Hamdan juga menyoroti kebijakan kelaparan sistematis terhadap dua juta warga Gaza, yang dilakukan secara terbuka di depan mata dunia. Ia menyebutnya sebagai “kejahatan terhadap kemanusiaan yang akan menjadi noda abadi di dahi penjajah, pendukungnya, dan mereka yang diam melihatnya.”
Ia mengkritik tajam sikap munafik negara-negara Barat, khususnya Amerika Serikat, yang bersikap toleran terhadap kejahatan Israel, tetapi begitu cepat membela para tawanan Israel di Gaza. “Ini adalah politik cacat yang mengukur dengan dua timbangan ketika berhadapan dengan penjajah Zionis,” katanya.

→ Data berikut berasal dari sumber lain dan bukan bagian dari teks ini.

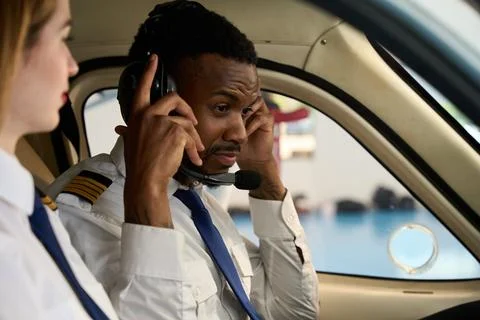 Student pilot adjusting headset in cockpit with instructor beside him Foto stock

Hamdan menegaskan bahwa Israel dan Perdana Menteri Benjamin Netanyahu – yang kini berstatus buronan di Mahkamah Pidana Internasional – bertanggung jawab penuh atas nasib para tawanan Israel di Gaza. Menurutnya, penolakan Israel untuk menyetujui gencatan senjata dan terus melanjutkan pembantaian membuat kehidupan para tawanan semakin terancam.
Ia juga menyoroti kondisi tawanan Israel, seperti Evyatar David, yang disebutnya menjadi korban dari kebijakan pengepungan, kelaparan, serta larangan masuknya bantuan makanan dan obat ke Gaza. Namun, Hamdan menegaskan bahwa para tawanan Israel di Gaza diperlakukan secara manusiawi, sesuai nilai-nilai Islam, dan dengan sumber daya terbatas yang dimiliki warga Gaza. Mereka makan dan minum seperti rakyat Palestina lainnya—berbanding terbalik dengan penyiksaan brutal terhadap tawanan Palestina di penjara-penjara Israel.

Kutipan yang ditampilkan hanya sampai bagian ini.